Directions
Reproduce the opening lines of the records exactly, up to and including the line in which "Brave Gypsum 30x60 Grip D051 D051" occurs.

Caption-style text data
===============

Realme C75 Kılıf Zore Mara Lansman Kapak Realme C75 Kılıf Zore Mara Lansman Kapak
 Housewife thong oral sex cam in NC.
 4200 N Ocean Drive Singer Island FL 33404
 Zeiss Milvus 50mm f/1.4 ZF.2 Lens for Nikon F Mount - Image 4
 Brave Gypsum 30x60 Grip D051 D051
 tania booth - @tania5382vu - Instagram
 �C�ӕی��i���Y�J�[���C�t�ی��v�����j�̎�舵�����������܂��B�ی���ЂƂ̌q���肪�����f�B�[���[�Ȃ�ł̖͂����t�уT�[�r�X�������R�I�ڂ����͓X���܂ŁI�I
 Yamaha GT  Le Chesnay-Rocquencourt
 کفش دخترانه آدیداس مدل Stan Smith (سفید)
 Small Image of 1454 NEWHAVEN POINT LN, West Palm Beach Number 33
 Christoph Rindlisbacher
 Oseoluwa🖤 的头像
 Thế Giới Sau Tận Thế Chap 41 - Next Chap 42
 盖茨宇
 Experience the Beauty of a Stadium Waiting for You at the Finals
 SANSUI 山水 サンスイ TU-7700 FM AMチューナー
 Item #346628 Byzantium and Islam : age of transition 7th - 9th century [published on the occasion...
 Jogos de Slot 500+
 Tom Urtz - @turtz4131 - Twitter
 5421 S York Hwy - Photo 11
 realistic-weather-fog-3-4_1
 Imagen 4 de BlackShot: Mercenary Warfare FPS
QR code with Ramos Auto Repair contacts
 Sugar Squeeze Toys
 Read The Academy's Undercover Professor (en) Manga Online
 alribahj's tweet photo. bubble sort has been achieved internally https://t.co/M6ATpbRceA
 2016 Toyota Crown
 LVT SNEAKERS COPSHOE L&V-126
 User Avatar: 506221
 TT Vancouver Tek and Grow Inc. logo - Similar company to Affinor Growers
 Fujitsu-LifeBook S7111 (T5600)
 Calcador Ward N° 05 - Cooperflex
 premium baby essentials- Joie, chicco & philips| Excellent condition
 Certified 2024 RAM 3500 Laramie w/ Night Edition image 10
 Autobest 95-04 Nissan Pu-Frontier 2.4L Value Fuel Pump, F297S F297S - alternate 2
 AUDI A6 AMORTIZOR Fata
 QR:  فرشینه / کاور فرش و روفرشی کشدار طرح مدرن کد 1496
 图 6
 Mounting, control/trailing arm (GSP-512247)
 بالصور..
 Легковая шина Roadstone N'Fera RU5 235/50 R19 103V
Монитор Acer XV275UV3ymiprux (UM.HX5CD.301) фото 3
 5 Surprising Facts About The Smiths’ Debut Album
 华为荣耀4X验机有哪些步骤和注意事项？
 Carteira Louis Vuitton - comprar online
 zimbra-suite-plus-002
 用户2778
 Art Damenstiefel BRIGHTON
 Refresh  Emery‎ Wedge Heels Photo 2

===============

Response to the exercise
Realme C75 Kılıf Zore Mara Lansman Kapak Realme C75 Kılıf Zore Mara Lansman Kapak
 Housewife thong oral sex cam in NC.
 4200 N Ocean Drive Singer Island FL 33404
 Zeiss Milvus 50mm f/1.4 ZF.2 Lens for Nikon F Mount - Image 4
 Brave Gypsum 30x60 Grip D051 D051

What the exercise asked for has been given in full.